Und noch eine Partei
Ist es in Sachen Wagenknecht-Partei schon spannend genug, soll es auch eine Parteineugründung von rechts geben. Das hat der Finanzprofi und Autor Dr. Markus Krall kürzlich vorab bekannt gegeben. Aber er wird nicht der führende Kopf sein, wie er behauptet. Er wird mitmachen, durchaus kandidieren. Die neue Partei mit „interessanten Köpfen“ wolle sich zwischen der CDU und der AfD verorten und sich gezielt um die Aktivierung von Nichtwählern kümmern. Wenn sich die neue Partei aus diesem Reservoir bedienen könnte, darüber hinaus weitere konservative und liberale Wähler von CDU und FDP abwirbt, kann sie Erfolg haben. Auf X, vormals Twitter, wird bereits fleißig spekuliert, ob sie später sogar als Mehrheitsbeschaffer für die AfD fungieren könnte.

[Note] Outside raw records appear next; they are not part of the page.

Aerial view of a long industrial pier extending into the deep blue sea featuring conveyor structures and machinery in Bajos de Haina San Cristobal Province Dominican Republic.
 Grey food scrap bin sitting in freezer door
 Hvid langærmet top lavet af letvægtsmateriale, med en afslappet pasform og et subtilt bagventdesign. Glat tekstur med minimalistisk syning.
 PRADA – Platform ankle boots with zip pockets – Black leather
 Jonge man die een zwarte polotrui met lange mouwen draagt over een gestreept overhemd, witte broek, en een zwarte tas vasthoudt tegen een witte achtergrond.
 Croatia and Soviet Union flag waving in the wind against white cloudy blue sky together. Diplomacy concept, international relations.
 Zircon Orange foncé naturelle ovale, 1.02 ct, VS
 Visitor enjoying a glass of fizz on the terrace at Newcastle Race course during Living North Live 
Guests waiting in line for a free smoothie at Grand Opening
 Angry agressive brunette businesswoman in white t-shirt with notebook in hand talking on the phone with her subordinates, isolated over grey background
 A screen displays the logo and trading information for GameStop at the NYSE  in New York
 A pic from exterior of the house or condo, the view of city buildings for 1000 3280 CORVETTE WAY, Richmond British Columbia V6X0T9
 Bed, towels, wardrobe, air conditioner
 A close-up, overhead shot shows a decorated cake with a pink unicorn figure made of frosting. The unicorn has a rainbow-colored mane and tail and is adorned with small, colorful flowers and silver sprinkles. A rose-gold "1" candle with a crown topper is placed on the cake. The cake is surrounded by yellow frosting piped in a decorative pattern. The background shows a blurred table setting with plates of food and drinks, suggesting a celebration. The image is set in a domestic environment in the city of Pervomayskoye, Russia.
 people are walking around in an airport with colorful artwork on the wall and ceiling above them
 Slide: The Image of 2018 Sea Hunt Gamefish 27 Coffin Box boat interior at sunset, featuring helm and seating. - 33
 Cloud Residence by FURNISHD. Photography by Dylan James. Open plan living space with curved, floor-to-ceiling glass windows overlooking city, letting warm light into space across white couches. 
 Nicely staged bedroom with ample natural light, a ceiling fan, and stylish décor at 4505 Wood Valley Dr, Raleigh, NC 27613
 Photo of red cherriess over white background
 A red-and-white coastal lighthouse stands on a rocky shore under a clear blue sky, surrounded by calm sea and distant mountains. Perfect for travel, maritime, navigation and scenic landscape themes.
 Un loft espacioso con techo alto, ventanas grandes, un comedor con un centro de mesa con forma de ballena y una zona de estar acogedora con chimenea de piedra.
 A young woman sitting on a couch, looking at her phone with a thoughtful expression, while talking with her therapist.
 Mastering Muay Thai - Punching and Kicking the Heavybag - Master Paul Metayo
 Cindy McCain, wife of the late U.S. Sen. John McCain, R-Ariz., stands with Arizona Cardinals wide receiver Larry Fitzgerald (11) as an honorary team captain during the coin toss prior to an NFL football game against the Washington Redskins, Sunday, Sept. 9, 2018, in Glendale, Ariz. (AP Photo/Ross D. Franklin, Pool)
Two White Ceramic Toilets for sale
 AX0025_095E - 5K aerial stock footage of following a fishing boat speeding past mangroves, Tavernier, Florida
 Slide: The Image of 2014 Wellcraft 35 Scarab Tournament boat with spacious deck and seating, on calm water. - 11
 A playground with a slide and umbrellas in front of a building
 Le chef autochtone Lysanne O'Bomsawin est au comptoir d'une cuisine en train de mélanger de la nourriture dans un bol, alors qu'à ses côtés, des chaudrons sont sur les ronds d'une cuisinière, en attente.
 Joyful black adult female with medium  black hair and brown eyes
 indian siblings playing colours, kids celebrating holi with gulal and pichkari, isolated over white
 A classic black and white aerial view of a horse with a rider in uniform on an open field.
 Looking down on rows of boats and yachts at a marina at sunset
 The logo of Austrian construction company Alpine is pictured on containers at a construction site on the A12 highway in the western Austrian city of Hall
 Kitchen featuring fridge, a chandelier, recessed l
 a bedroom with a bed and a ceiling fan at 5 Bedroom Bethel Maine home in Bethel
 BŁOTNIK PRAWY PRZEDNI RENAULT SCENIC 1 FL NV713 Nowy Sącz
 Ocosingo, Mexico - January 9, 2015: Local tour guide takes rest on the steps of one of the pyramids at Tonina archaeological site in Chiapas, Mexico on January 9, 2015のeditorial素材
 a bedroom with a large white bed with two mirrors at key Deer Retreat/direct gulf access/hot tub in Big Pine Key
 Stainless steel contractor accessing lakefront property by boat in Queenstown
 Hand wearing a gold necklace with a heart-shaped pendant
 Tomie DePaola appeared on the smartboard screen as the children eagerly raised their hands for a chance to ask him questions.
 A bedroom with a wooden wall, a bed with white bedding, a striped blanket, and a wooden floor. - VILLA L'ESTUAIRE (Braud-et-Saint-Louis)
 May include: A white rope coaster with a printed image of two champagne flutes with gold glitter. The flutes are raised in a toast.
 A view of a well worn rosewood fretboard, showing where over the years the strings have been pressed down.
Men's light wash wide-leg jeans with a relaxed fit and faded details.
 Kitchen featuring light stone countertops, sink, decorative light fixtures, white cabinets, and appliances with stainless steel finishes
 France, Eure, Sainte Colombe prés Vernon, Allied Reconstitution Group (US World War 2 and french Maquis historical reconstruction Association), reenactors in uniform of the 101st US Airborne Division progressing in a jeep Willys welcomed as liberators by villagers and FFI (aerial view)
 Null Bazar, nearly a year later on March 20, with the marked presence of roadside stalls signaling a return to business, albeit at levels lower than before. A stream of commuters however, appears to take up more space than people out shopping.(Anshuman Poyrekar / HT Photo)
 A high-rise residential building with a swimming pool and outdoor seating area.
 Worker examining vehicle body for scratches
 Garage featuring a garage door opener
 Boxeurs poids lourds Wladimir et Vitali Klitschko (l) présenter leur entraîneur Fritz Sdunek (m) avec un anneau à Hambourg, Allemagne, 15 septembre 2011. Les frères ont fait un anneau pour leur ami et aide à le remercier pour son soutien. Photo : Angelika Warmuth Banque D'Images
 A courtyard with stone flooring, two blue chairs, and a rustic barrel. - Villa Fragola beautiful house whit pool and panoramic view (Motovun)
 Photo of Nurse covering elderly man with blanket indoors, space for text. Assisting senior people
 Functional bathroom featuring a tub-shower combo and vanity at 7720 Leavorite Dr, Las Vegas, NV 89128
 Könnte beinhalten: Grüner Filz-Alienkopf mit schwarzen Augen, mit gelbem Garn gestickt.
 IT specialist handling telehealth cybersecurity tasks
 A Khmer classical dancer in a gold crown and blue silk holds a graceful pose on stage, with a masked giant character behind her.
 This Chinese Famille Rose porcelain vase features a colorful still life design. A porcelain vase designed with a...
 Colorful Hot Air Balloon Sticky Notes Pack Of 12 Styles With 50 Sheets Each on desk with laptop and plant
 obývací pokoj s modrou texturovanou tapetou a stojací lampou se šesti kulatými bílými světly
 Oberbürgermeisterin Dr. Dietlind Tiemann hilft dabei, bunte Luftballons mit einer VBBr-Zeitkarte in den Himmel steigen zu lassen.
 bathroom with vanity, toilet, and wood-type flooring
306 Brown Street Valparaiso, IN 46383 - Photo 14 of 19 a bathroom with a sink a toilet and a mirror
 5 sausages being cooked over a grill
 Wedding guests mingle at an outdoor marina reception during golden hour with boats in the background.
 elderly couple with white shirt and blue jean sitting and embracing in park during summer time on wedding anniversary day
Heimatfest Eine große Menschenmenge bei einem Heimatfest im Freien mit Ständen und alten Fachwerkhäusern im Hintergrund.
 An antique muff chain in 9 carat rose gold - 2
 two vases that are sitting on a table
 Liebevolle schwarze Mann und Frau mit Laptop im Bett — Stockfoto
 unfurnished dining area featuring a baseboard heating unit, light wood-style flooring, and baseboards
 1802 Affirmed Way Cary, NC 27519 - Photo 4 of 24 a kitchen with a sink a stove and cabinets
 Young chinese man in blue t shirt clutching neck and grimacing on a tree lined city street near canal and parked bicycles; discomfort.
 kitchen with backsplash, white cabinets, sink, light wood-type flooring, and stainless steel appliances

Das Planspiel mag theoretisch zwar durchaus interessant aussehen, vieles ist denkbar, aber die Geschichte erfolgreicher Parteien spricht indes gegen einen Erfolg. Selbst wenn „interessante“ Namen dabei sind, sind diese kein Garant dafür, gewählt zu werden. Die AfD-Abspaltungen der ehemaligen AfD-Vorsitzenden Lucke und Petry, zudem der Misserfolg des „Bündnisses für Deutschland“ von ehemaligen AfDlern und der Bremer Timke-Gruppe sind Beleg dafür, dass stets das Original gewählt wird. Und wie kommt man auf die Idee, einen großen Brocken der Nichtwähler aktivieren zu können? Nein, das Projekt hat keinerlei Chancen. Wer ernsthaft einen „Rollback von dann 20 Jahren Ampel-Murks & Merkel“ durchführen möchte, wer „das Antibiotikum gegen die dumme, woke, gegenderte, klimahysterische, wohlstandsfeindliche, Bürger und Leistungsträger hassende Kopfkrankheit“ sein möchte, wie Krall die neue Partei beschreibt, hat mit der AfD schon eine starke und vor allem bewährte Stimme und somit eine Volkspartei, die das thematisch abdeckt. Man benötigt keine erneute Aufspaltung des wertkonservativen Lagers. Ein solche Aufspaltung ist nur im Interesse der Herrschenden. Und wenn auch diese neue Partei medial überaus stark gepusht wird, wird man wissen, dass ihre Existenz nur der AfD schaden soll. Oder etwa nicht?